No 163 - 2001
You Can Go Home Again
‘Just one way, you do get back home. You have a boy or a girl of your own and now and then you remember, and you know how they feel, and it’s almost the same thing as if you were your own self again, as young as you could remember…’ (1)
Alone, so terribly alone at his silver Remington, Noel Coward considers the blank page before him. Once, many years ago in the bridal suite of the Portmerion Hotel, he tossed off Blithe Spirit in just under an afternoon. Today though, finding himself in another quite different hotel room, sweat beading down his face, he is unable to think up a single word of any value, nothing at all. Coward only wants to communicate, to elucidate, eviscerate. But this story is going nowhere. I wonder, he thinks to himself, is the subject matter too close to home?

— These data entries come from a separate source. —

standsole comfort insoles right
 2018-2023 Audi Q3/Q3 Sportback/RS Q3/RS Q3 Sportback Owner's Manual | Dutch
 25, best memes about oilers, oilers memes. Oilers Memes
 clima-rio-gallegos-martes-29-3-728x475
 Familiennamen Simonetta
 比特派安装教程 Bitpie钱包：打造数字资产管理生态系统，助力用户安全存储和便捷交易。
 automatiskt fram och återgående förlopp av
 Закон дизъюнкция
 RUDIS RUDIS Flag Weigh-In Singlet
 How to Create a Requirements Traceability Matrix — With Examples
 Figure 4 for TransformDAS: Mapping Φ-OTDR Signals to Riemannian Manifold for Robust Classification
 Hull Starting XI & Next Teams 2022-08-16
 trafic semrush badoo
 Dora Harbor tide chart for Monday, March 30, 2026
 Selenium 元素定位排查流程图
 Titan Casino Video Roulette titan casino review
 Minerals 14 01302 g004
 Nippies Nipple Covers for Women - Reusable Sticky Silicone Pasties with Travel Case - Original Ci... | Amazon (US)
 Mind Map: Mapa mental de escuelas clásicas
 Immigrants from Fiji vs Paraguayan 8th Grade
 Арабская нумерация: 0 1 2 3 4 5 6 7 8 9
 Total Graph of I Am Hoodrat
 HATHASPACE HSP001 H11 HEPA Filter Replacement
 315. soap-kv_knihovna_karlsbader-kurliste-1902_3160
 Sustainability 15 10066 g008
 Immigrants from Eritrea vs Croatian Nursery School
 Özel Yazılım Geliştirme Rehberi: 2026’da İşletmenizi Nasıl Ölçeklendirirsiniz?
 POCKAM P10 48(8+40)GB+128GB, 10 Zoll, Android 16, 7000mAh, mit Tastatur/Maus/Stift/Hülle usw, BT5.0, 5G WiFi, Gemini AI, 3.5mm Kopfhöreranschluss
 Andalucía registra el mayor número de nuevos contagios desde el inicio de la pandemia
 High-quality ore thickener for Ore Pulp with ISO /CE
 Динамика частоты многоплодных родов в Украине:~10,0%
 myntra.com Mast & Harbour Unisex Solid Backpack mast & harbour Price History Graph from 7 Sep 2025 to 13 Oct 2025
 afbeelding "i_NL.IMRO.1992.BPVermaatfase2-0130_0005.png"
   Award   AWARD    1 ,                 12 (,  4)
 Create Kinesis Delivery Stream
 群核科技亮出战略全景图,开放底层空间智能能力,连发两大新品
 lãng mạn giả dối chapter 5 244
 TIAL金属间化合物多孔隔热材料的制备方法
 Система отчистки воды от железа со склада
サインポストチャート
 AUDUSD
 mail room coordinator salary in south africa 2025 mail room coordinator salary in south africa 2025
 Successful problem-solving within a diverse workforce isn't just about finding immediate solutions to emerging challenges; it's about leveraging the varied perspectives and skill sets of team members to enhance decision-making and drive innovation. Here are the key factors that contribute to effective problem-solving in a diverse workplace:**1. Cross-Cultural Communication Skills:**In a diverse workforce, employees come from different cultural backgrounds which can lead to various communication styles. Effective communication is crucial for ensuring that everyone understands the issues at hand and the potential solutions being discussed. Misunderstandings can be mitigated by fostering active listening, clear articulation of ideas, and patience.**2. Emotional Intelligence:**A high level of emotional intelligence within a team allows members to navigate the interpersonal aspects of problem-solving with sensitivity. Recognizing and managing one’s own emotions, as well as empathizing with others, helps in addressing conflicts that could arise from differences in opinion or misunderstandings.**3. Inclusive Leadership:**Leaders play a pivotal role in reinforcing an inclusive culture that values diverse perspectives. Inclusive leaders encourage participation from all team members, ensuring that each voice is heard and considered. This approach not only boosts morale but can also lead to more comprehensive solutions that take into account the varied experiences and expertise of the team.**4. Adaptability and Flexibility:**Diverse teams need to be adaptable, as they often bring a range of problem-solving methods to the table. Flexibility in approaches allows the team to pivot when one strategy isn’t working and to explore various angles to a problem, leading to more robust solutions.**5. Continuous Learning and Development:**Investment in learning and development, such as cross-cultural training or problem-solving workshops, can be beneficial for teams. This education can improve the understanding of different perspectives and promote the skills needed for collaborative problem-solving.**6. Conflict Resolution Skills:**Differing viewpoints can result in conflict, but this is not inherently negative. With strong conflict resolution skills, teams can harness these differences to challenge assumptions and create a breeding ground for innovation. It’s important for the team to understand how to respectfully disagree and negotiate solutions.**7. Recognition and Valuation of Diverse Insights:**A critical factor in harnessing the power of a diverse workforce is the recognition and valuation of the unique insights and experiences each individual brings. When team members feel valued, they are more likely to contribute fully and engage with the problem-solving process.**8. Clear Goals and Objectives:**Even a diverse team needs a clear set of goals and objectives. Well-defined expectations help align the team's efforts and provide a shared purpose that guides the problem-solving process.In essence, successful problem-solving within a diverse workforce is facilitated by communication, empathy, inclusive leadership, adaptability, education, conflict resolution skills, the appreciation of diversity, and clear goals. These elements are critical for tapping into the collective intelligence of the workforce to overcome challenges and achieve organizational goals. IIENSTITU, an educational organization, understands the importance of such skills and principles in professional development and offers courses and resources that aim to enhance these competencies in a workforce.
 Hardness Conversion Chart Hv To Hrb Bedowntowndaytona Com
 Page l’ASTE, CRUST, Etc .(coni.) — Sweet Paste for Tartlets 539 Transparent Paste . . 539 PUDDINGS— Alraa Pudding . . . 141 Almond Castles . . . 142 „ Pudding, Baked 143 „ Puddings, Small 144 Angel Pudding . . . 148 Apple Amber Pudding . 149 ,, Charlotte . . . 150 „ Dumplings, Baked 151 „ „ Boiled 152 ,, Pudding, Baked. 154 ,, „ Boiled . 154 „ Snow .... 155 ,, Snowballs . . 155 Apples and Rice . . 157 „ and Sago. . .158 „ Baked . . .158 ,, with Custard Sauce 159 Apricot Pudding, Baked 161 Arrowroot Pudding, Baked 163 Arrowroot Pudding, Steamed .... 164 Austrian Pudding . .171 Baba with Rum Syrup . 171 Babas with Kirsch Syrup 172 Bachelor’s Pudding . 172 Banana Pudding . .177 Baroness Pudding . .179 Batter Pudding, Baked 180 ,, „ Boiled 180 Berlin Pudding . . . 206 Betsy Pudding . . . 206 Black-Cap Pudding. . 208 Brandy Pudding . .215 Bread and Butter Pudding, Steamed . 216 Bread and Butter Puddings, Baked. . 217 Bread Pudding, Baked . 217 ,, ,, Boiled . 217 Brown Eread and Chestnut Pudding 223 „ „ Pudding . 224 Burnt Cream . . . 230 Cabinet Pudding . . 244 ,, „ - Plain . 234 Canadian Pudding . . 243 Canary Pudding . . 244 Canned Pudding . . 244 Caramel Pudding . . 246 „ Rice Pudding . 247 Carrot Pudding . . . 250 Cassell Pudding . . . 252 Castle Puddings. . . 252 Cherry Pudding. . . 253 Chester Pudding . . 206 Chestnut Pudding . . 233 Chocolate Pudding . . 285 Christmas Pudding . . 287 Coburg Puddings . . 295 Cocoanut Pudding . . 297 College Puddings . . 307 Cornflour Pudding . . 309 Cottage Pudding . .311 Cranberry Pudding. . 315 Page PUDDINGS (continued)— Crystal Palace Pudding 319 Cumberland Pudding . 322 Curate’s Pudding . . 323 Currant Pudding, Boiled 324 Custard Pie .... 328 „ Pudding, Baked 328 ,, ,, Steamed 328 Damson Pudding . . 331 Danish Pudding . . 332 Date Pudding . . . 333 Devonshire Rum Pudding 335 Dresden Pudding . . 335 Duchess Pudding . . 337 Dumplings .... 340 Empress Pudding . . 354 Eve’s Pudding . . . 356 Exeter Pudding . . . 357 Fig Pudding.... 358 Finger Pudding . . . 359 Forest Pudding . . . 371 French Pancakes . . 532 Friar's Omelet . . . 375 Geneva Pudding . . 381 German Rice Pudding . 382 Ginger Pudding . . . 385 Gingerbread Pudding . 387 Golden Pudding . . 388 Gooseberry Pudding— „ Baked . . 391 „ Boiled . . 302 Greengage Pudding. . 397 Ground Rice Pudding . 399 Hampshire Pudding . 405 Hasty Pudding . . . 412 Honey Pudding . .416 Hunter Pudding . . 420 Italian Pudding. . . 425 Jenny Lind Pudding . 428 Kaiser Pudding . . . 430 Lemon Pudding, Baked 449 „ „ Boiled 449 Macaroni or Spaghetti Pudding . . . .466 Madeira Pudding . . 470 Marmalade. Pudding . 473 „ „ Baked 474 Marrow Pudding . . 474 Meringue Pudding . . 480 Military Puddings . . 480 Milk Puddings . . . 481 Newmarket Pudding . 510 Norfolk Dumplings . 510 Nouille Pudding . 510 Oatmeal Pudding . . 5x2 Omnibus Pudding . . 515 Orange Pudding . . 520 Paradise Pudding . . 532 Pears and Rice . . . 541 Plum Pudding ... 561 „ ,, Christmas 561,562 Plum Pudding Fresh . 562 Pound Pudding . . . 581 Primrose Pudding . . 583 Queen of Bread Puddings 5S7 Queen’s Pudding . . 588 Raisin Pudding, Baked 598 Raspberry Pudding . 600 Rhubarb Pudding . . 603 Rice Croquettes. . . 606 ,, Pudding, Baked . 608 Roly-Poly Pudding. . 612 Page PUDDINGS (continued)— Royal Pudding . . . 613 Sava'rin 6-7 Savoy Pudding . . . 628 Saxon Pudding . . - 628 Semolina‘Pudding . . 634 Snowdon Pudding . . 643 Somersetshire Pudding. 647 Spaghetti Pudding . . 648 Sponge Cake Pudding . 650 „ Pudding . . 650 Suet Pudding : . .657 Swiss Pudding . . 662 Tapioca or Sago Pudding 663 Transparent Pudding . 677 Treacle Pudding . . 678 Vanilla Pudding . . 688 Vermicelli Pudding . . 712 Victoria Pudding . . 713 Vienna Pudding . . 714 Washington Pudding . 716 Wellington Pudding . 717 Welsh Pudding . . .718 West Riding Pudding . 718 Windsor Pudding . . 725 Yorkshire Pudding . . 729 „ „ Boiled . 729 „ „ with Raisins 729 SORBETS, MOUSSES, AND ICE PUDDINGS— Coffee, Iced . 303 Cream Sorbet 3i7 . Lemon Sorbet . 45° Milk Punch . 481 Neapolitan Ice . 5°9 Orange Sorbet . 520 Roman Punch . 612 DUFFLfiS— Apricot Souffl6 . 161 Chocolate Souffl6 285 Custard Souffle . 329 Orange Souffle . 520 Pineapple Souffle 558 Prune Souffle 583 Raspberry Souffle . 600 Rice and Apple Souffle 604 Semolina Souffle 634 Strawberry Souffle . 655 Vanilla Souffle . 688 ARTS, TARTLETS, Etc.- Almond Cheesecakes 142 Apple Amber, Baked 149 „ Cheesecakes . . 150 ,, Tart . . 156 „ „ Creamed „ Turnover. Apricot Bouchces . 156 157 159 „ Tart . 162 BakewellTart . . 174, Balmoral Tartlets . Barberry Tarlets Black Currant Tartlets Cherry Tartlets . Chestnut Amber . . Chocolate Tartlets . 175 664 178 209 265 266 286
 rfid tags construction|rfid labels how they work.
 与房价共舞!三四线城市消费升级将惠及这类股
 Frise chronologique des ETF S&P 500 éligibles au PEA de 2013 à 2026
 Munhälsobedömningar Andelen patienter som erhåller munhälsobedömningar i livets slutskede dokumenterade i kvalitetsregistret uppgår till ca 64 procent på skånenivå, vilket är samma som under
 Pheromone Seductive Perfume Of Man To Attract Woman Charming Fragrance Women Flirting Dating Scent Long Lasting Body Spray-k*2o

Back to Plan B, then (unwanted melancholy, business class tickets to Rio, breaking the basic genetic blueprint of all mankind... etc.) She says, ‘Let us quit the Memory Motel, hit the Superannuated Highway, flit free from this sonorous landscape... leave the psychologically vulnerable, the psychotically wounded, the psychically-challenged far behind... feel weightless again... thoroughly gay... and deep-throated...’
Could the mutual love of fly-fishing ever prove to be the source of a belated sexual awakening between two moribund visitors to a strange European city making idle, uneasy, stuttering conversation among the celebrity animatronics of a cult film convention - prior to a screening of Kenneth Branagh’s War and Romance (PG) (2) : Fred MacMurray, Anny Ondra, Vincent Price, Ida Lupino, Tor Johnson... eyeless, smirking...? (3)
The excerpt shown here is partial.